Più o meno, se ne riesce a vedere soltanto uno all’anno: una rarità che giustifica l’entusiasmo con cui i fisici dell’esperimento Opera hanno annunciato, nel corso di una conferenza internazionale, l’osservazione del secondo neutrino “mutato” tau, dopo quello osservato nel 2010 (vedi Galileo).

Il neutrino è una particella elementare scoperta nel 1930 da Wolfgang Pauli: ha massa molto inferiore a quella di un elettrone ed è privo di carica elettrica. In natura, sono classificati in tre “famiglie” diverse, che scientificamente sono dette “sapori”, dotati di masse differenti: neutrino muonico, elettronico e tauonico. Il fenomeno osservato dai ricercatori di Opera è quello noto come “oscillazione del neutrino”, cioè il passaggio di un neutrino da un sapore all’altro.

“L’esperimento Opera – spiegano i ricercatori della collaborazione internazionale – è stato progettato specificatamente per la rivelazione dell’oscillazione dei neutrini, un fenomeno estremamente raro e peculiare. La nostra osservazione riguarda le particelle muoniche, che si trasformano lungo il loro percorso in un diverso tipo di neutrino, i cosiddetti neutrini tau”.

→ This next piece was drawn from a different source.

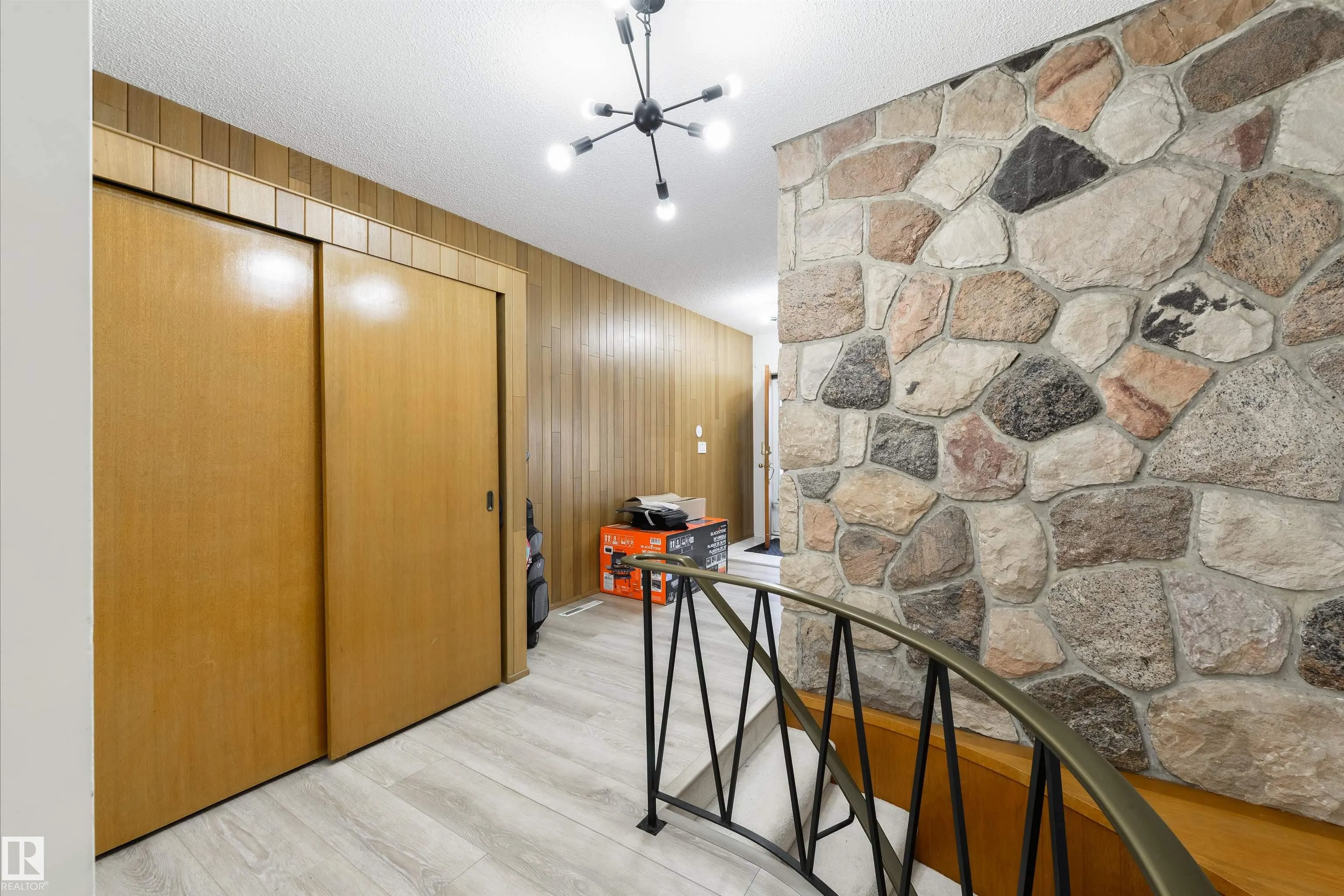 24 VALLEYVIEW Crescent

Per studiare fenomeni di questo tipo, i ricercatori inviano un intenso fascio di neutrini dall’acceleratore al Cern di Ginevra verso il Laboratorio Nazionale del Gran Sasso dell’Infn. Grazie all’estrema rarità delle loro interazioni con la materia, le particelle arrivano indisturbate a destinazione, dopo aver attraversato 730 km di roccia: qui l’apparato di rivelazione di Opera, una sorta di enorme macchina fotografica con una massa di 1250 tonnellate, registra tutto ciò che accade alle particelle, alla ricerca di fenomeni di oscillazione. L’esperimento ha iniziato a immagazzinare dati nel 2008: in quattro anni di attività, solo due tra le migliaia di interazioni si sono rivelate essere effettivamente l’evento cercato. “Questo nuovo evento – concludono i ricercatori di Opera – è un passo decisivo verso il completamento dell’obiettivo finale dell’esperimento”.